If one considers for a moment, perhaps the most experienced user of sensitive data, the military, the case for focusing on Sharp Data instead of Big Data is clear. When the British Army developed its MAMBA surveillance station it purposefully focused on Sharp Data over Big Data. MAMBA is an acronym for Mobile Artillery Monitoring Battlefield Radar and is a radar system designed to filter through data and pinpoint rocket, mortar or artillery shell threats out to a distance of 5km. It purposefully ignores the white noise.
Some examples of sharp data that we are employing at EquipmentConnect:
- We are capturing depreciation rates, secondary market pricing and recovery cost information for different models of equipment and machinery. This allows us to better grade the strength of equipment as security behind the credit.

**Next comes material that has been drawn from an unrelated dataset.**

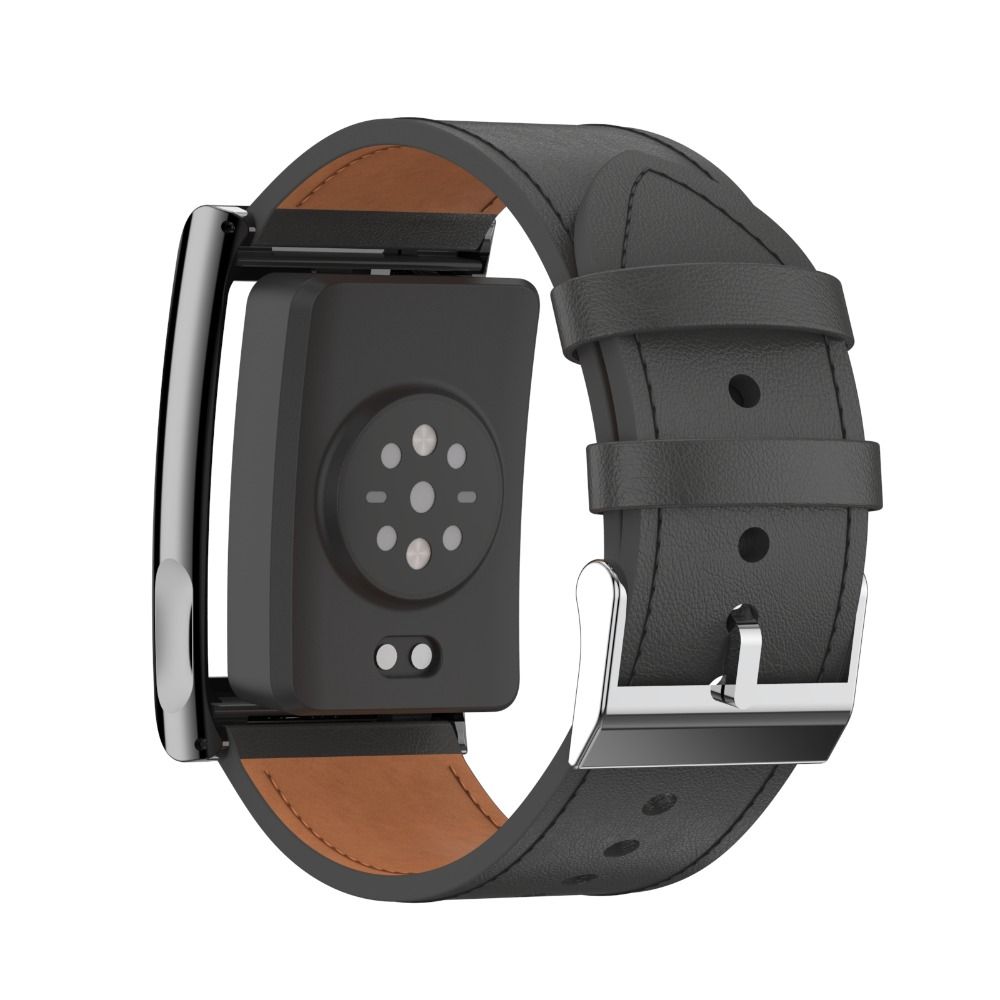 Cinturino Sportivo in Pelle Regolabile a Rilascio Rapido Cinturino per Fitness Tracker Sostituzione Braccialetto con Cornice Metallica per Amazfit Helio Strap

- We are digging out default rate information for various sub sectors that we serve and are considering that in the context of different stages of the economic cycle. How do firms that focus on road construction perform at the beginning of the economic slowdown? how about in a prolonged economic stagnation? How does that compare with construction companies focusing on house building.
- We are also gathering data to deepen our insight into how credit worthy a borrower is – How fast does the SME pay their suppliers? For certain cases our SME borrowers will give us access to live real time information on their bank account. This is combined with data filed at the companies house. We don’t just consider the data statically but look at the trend.

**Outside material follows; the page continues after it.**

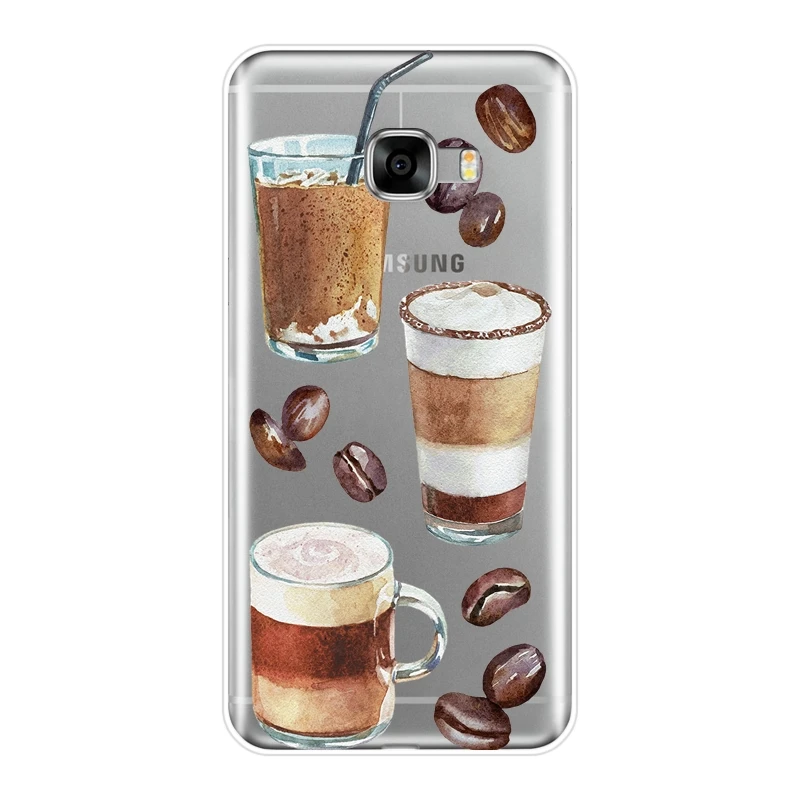 Мягкий чехол для телефона Samsung Galaxy C9 C7 C5 Pro Coffee Girl силиконовая задняя крышка в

- To better monitor the equipment been monitoried we collect data on usage, location and condition of equipment and machinery. All of this in real time so funders have the pulse of the assets financed.
All of this information helps power our models but both the direction of the model and results are always initiated by human experience and insight. There is a whole breed of new tech startups who are unnecessarily obsessed with Big Data. My fifty pence – stop collecting rocks, sharpen your drilling bits and find some diamonds.